Written by Linda M. V. Martel
Hawai'i Institute of Geophysics and Planetology

Asteroids and comets have something in common, which is the release of constituent materials into space. This has not always been common knowledge. In fact, just 25 years ago a comet-like tail on an asteroid was unknown. Not until all-sky survey telescopes (such as Pan-STARRS, Catalina Sky Survey, ATLAS) and the high-resolution Hubble Space Telescope provided opportunities to discover and document the exquisite details of the temporary dust tails have we known that asteroids can actively shed mass.

An international team, using an array of data from ground-based telescopes and Hubble Space Telescope, has documented the stunning effects of a disintegrating main belt asteroid. Jan Kleyna (Institute for Astronomy, University of Hawai‘i) and colleagues from the US, Germany, Taiwan, UK, Italy, India, and The Netherlands observed asteroid (6478) Gault and two dust tails, which they attribute to two separate releases of dust from the rapidly-rotating, 4–10-kilometer-long asteroid. This detailed study and others, and new close-up observations of dust activity at asteroid Bennu by NASA's OSIRIS-REx mission offer insights not only into the ways dust is ejected, but also into asteroid evolution.


What is an Active Asteroid?

The class of small Solar System bodies known as active asteroids is a fairly new construct arising from the wealth of data provided by all-sky survey telescopes, the NASA/ESA Hubble Space Telescope, and robotic spacecraft missions to asteroids. In the book Asteroids IV published in 2015, authors David Jewitt (UCLA), Henry Hsieh (Academia Sinica, now with the Planetary Science Institute), and Jessica Agarwal (Max Planck Institute for Solar System Research) define an active asteroid as "ejecting dust, producing transient, comet-like comae and tails." Active asteroids have typical orbits for asteroids—mainly within the main asteroid belt. The first description of a comet-like tail on a body orbiting in the main asteroid belt, named 133P/Elst-Pizarro, came in 1996 from data from the European Southern Observatory (see the report in the International Astronomical Union Circular). In 2006 after the discovery of two more such objects in the outer main belt, Hsieh and Jewitt identified this new population of bodies by initially calling them "main-belt comets." But active asteroids need not be icy. Today researchers refer to a subset of active asteroids as main-belt comets specifically when they determine the recurring activity is due to sublimation of near-surface ice. We'll discuss more about the variety of processes potentially driving the activity of active asteroids in the next section.
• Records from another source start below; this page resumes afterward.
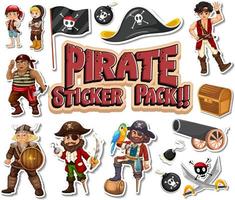 pack d'autocollants de personnages et d'objets de dessins animés pirates vecteur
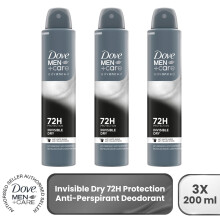 3x Dove Anti-Perspirant Men+Care Advanced Invisible Dry 72H Protection Deo, 200ml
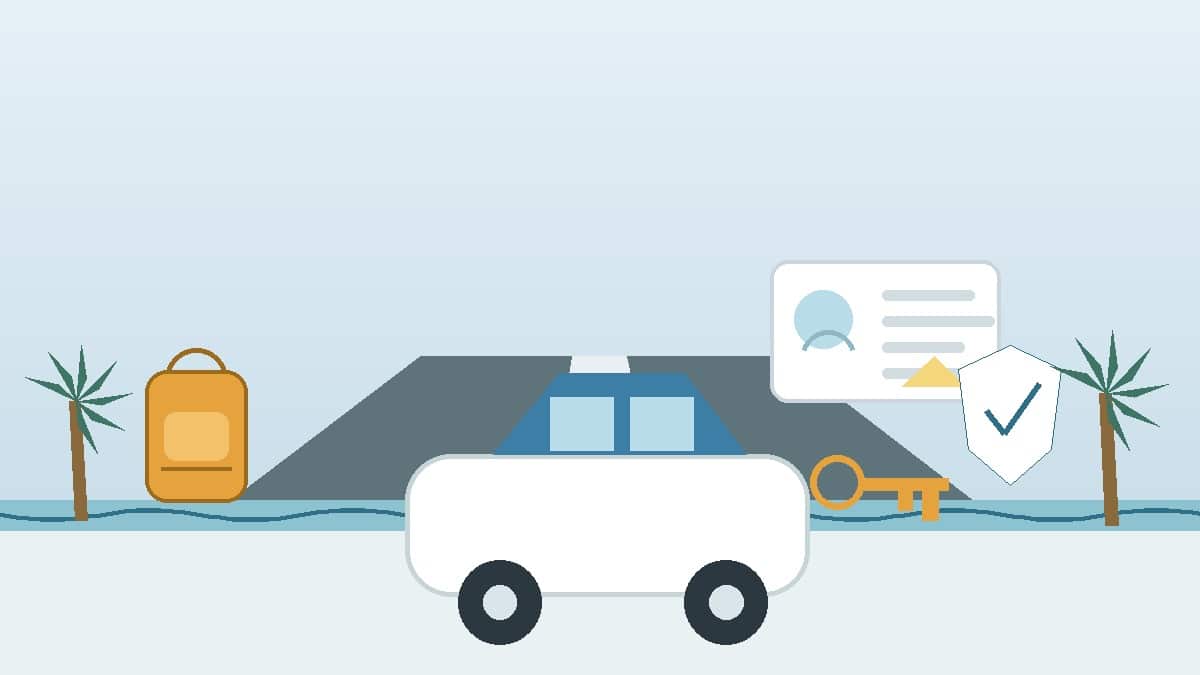 Featured illustration with keys, learner permit card, backpack, and car for Fort Myers teen driver insurance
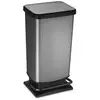 SUNDIS Poubelle de cuisine Paso 40 L - Décor carbone - Ouverture pédale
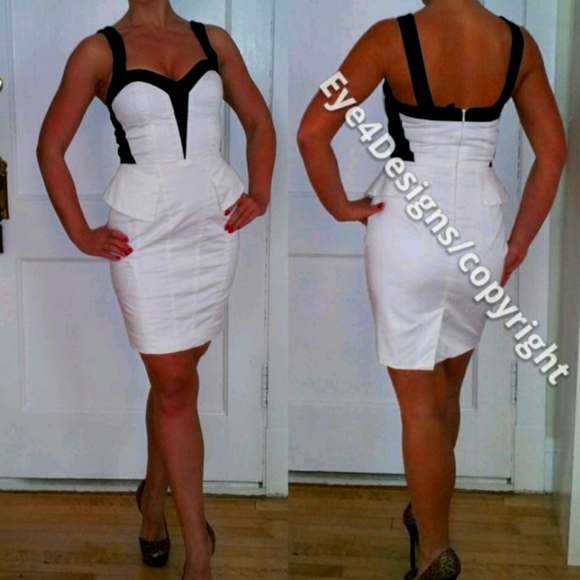 Bebe Elegant White Black Peplum Dress XS 2 - Picture 1 of 1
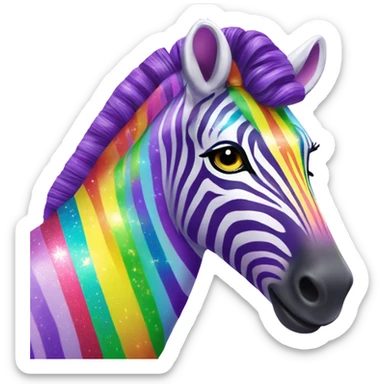 Lisa frank rainbow zebra with glitter purple stripes sticker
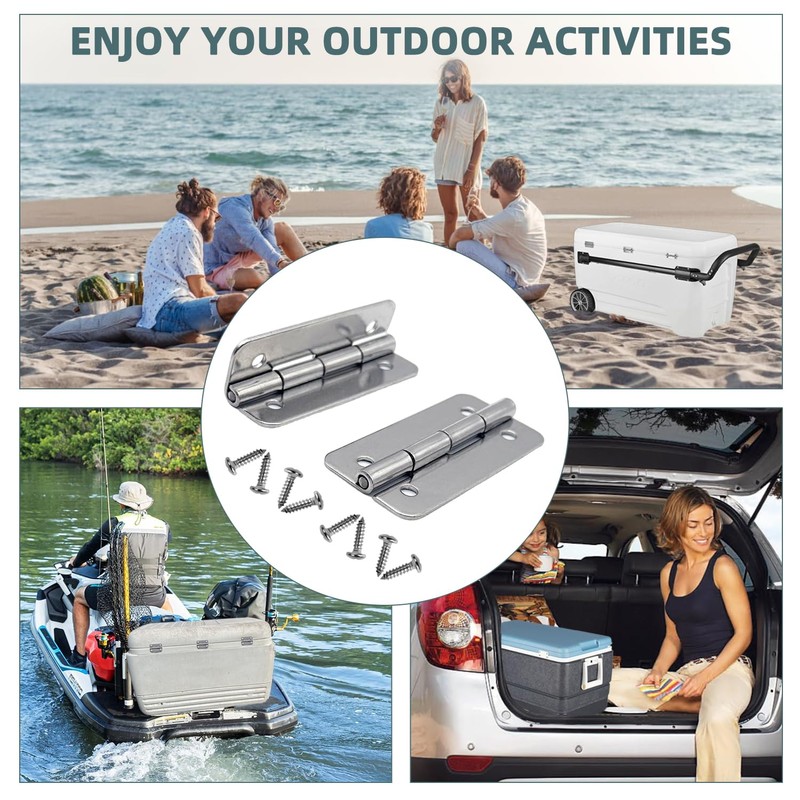 6-Pack 316 Stainless Steel Cooler Hinges & 24 Screws for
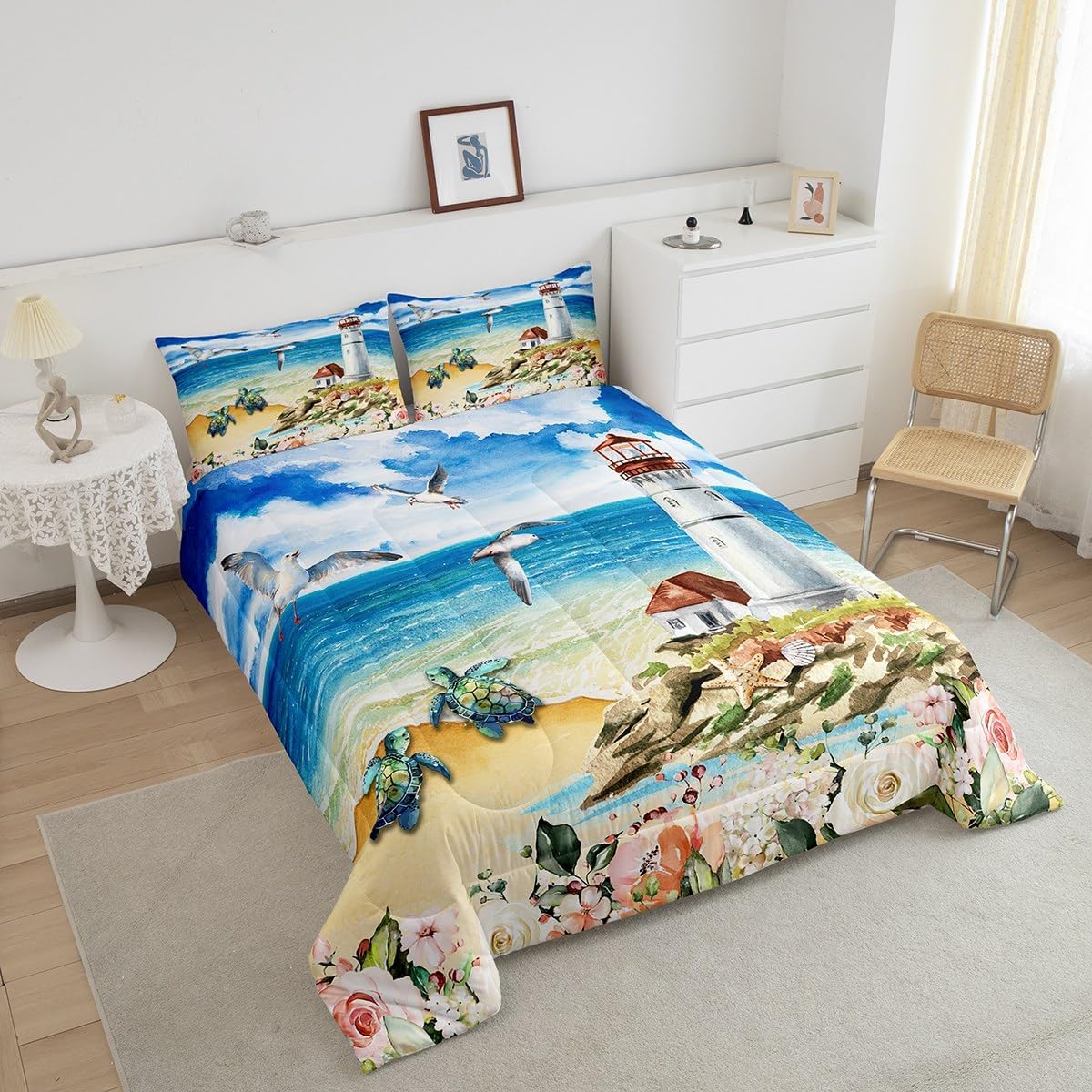 Juego de edredón con diseño de faro de mar, tamaño individual, juego de ropa de cama de animales de tortuga, pájaros, océano, azul, para niños y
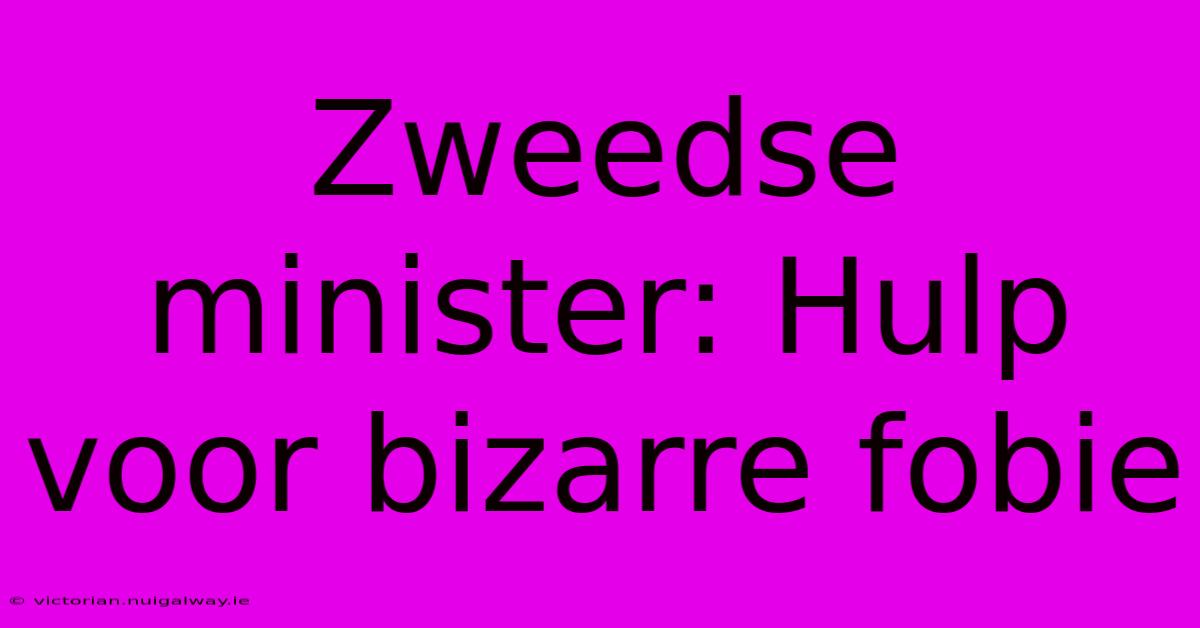 Zweedse Minister: Hulp Voor Bizarre Fobie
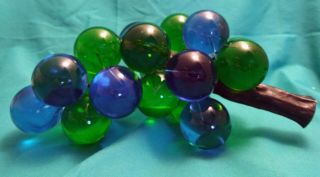 Vintage Green And Blue Acrylic Glass Grapes Cluster Retro Table Decor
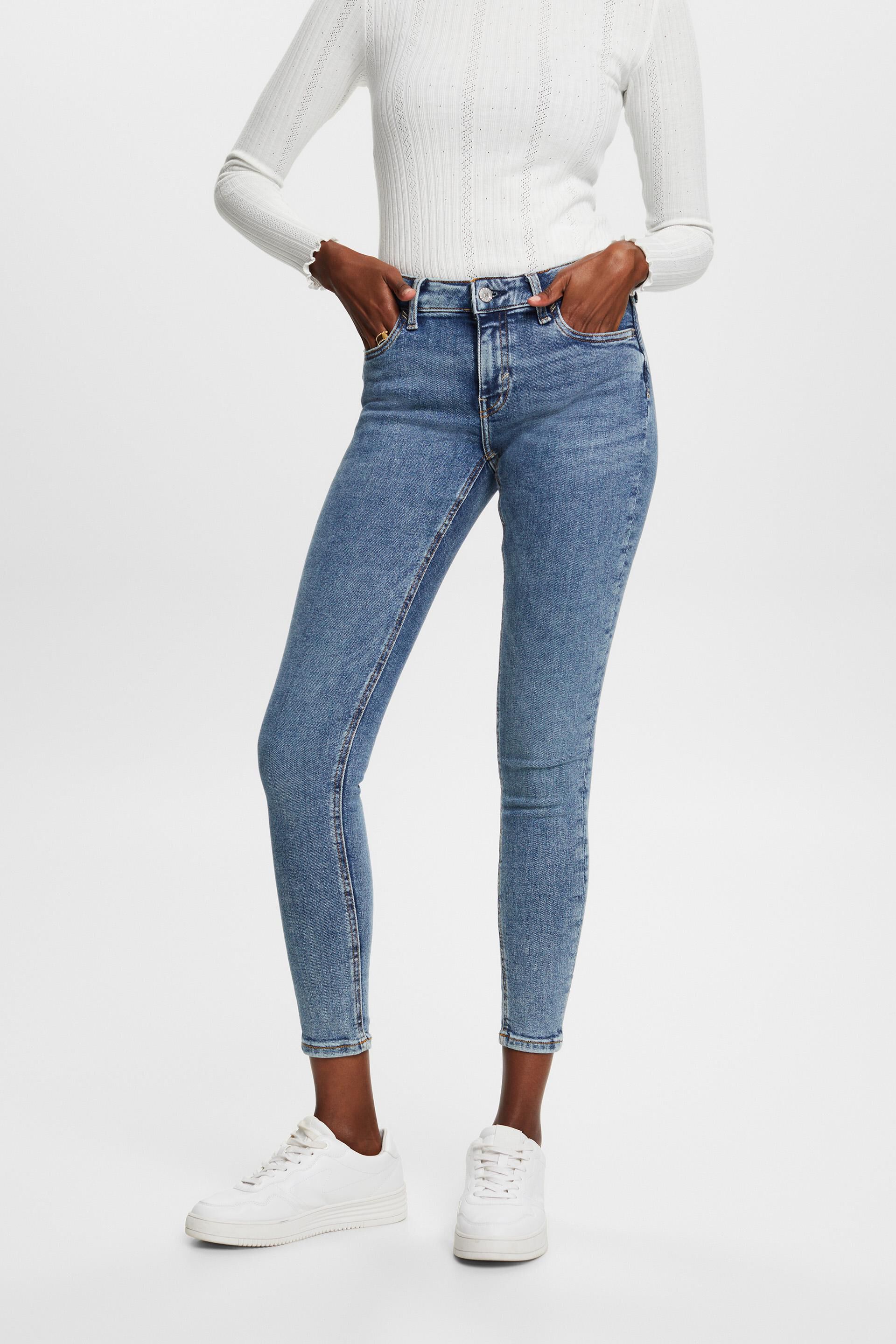 Esprit Recycled: skinny mid-rise jeans fit stretch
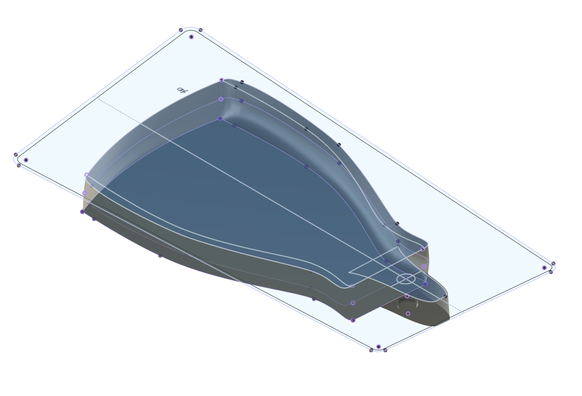 A screen capture from Fusion 360.  It shows a sketch derived from the Inkscape SVG, two additional sketches showing profiles at various heights, and a solid body lofted from the sketches forming a convex hull around the flush cutters' handles and a separate hull around the blades.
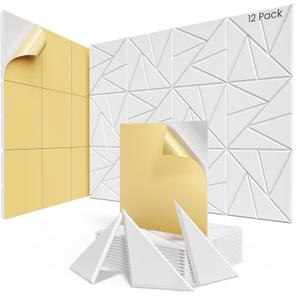 12 pack Acoustic Panels With Self-Adhesive, 12"X 12"X 0.4"Sound Proof Foam Panels, Sound Panels High Density, Soundproof Wall Panels for Home Studio Office-White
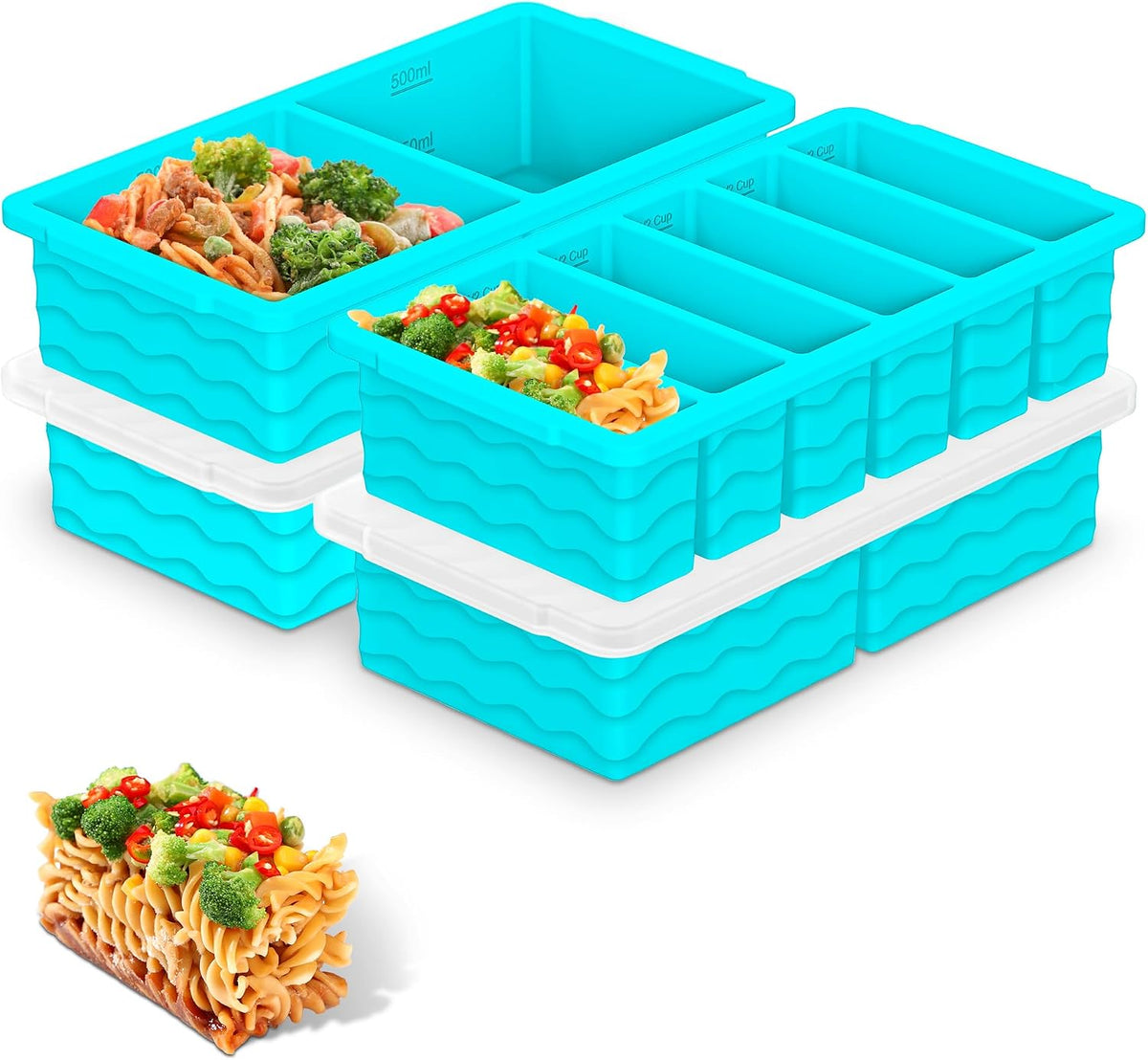 Silicone Freezer Trays with Lid - 3-Pack Soup Storage Molds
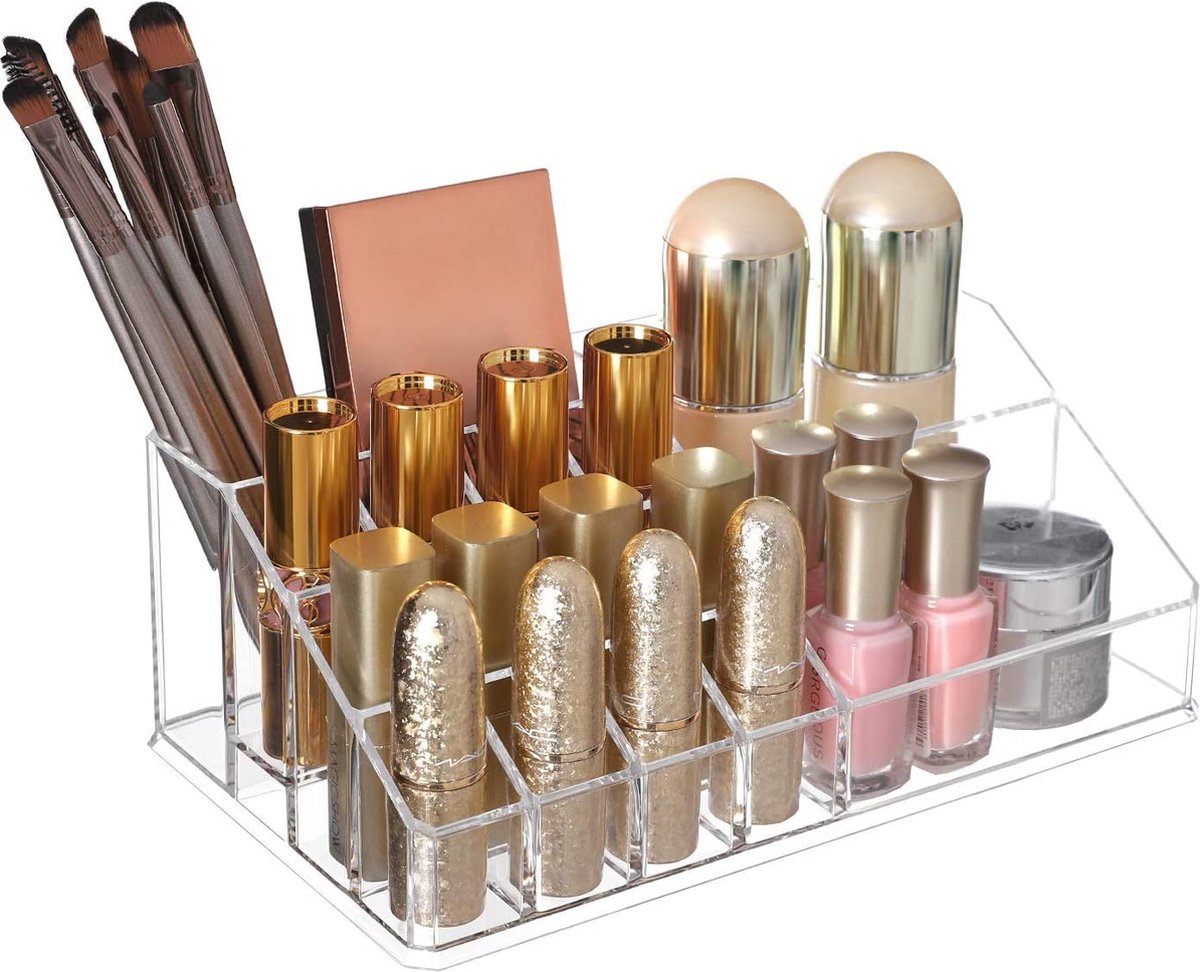 Acryl cosmetische organizer voor opslag in de badkamer in de slaapkamer van lippenstift sieraden nagellak (3 delen)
Whatever the cause of the dust release, whether or not a tail is observed depends on many factors, including particle size, brightness, telescope observing conditions, instrument-measurement sensitivity, or having a spacecraft in the right place at the right time. The number of known active asteroids described in the 2015 book Asteroids IV was 18, with researchers predicting that many more existed. As of mid-2019, the number of observed active asteroids is already around 30, with the Hawai‘i-based Panoramic Survey Telescope and Rapid Response System (Pan-STARRS) leading the number of new discoveries. By observing the asteroids and their debris tails (before they fade away), astronomers and cosmochemists gather data about composition (e.g. volatiles) and the nature of the destructive or disruptive activity, which can help explain what causes the activity.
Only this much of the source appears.